◆ **Provided records**:
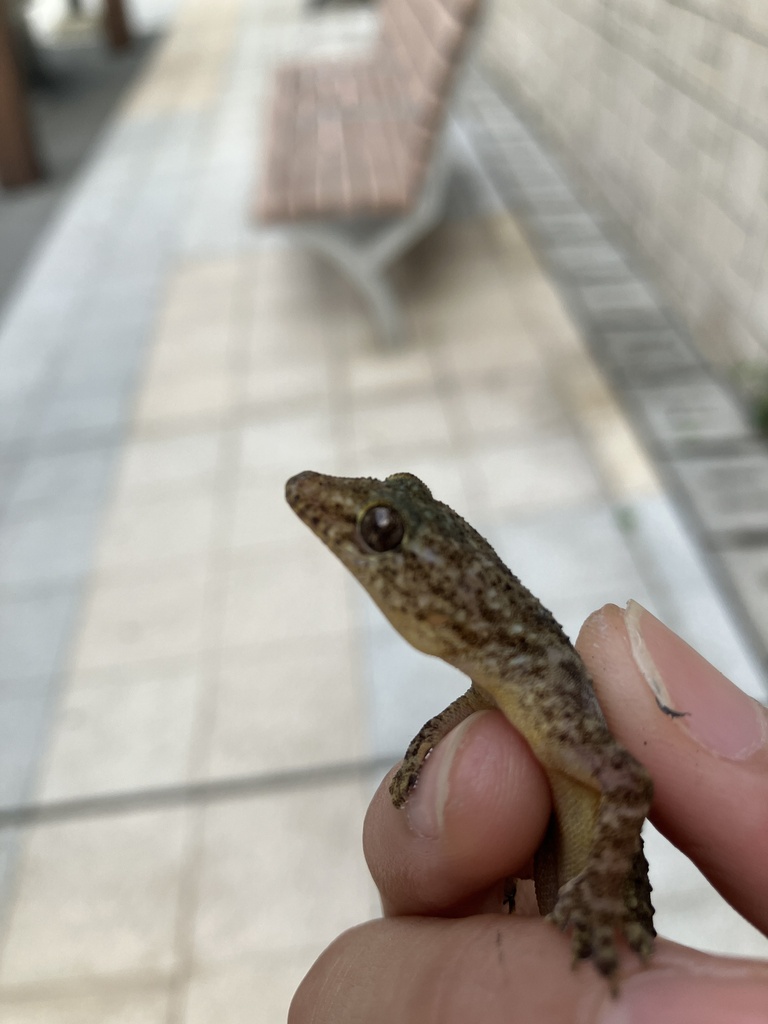 Brooke's House Gecko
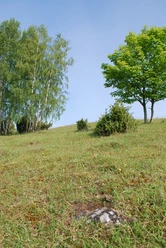 Schanzenberg Steingrund
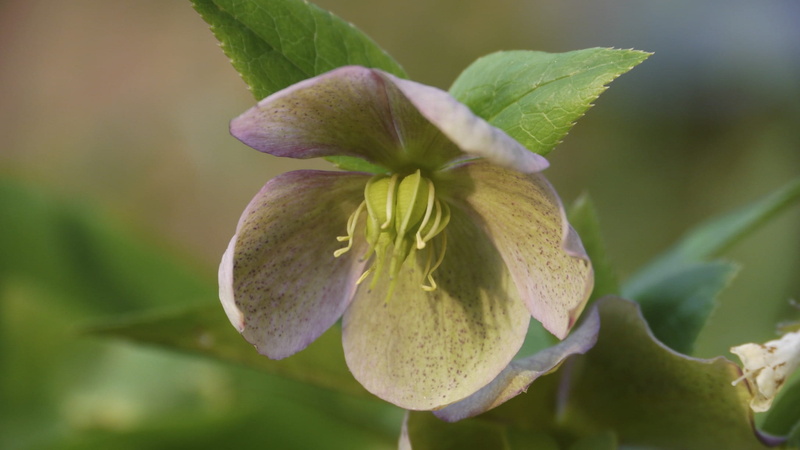 1080P, petal, no people, growth, focus on foreground, christmas rose, outdoors, flower head, beauty in nature, species, springtime, inflorescence, hellebore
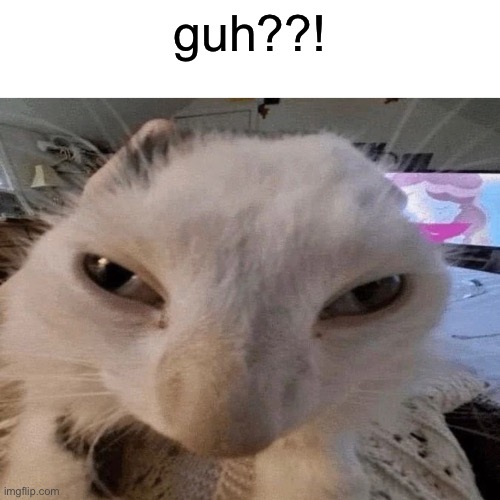 Distorted guh cat | guh??! | image tagged in distorted guh cat | made w/ Imgflip meme maker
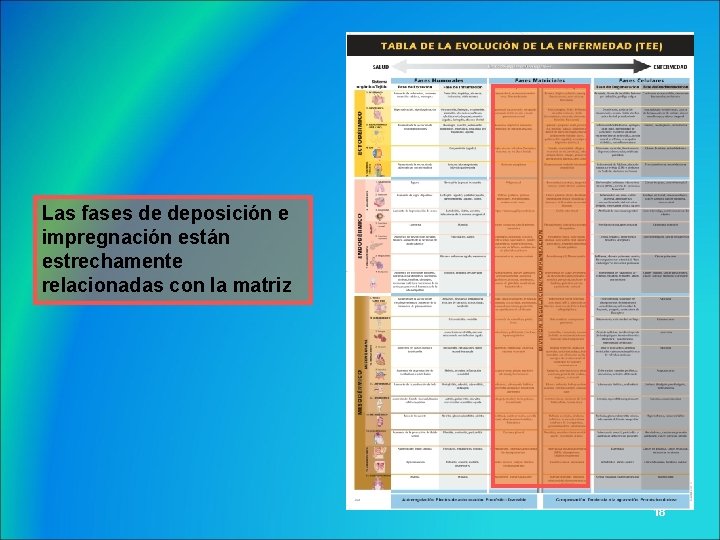 Las fases de deposición e impregnación están estrechamente relacionadas con la matriz 18 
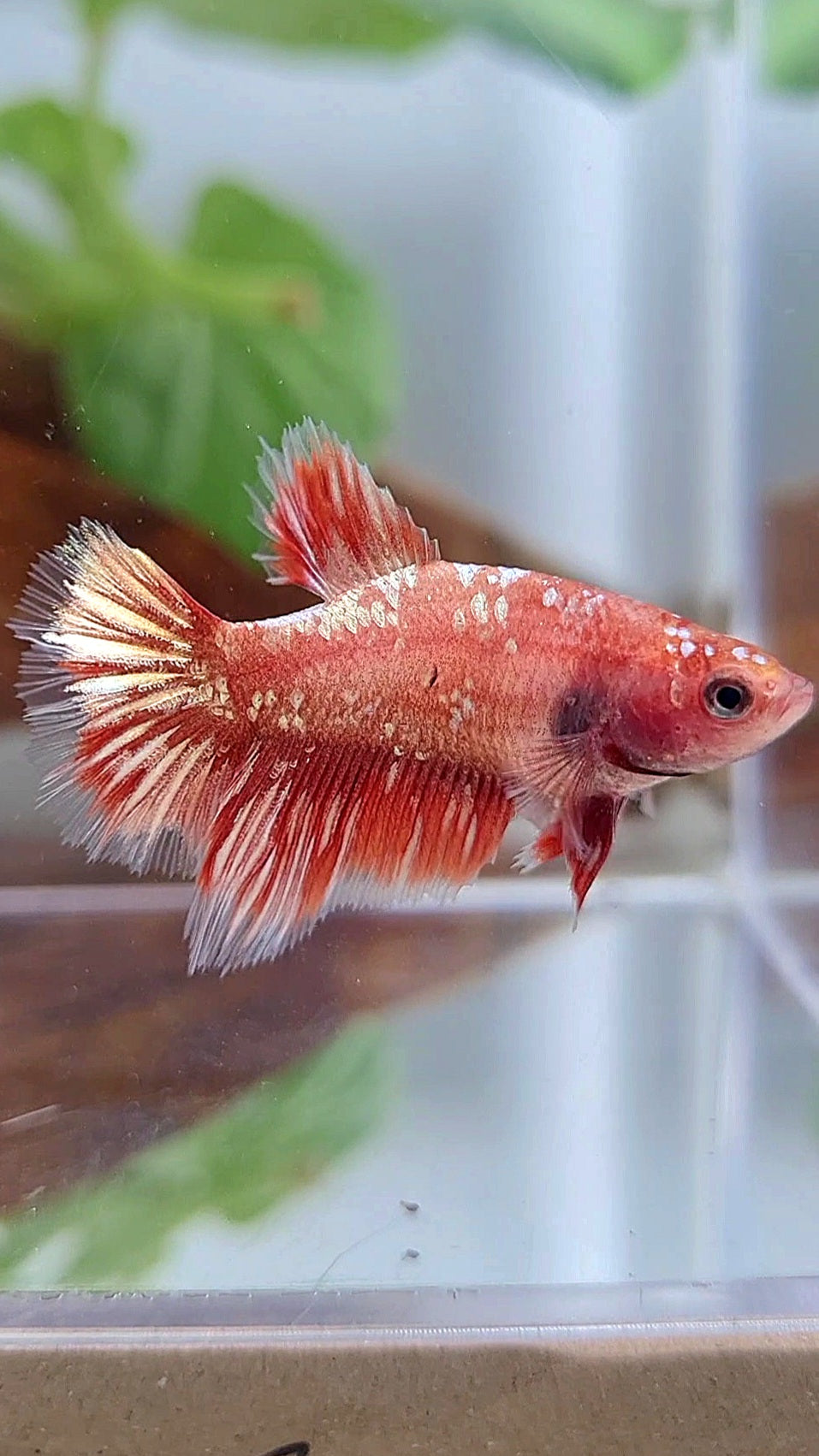 FEMALE HALFMOON RED GOLD GALAXY RGG BETTA FISH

◆ **Required work**: Could you print the listing above exactly, without the pictures?

◆ **Result**:
 Brooke's House Gecko
 Schanzenberg Steingrund
 1080P, petal, no people, growth, focus on foreground, christmas rose, outdoors, flower head, beauty in nature, species, springtime, inflorescence, hellebore
 Distorted guh cat | guh??! | image tagged in distorted guh cat | made w/ Imgflip meme maker
 Las fases de deposición e impregnación están estrechamente relacionadas con la matriz 18 
 FEMALE HALFMOON RED GOLD GALAXY RGG BETTA FISH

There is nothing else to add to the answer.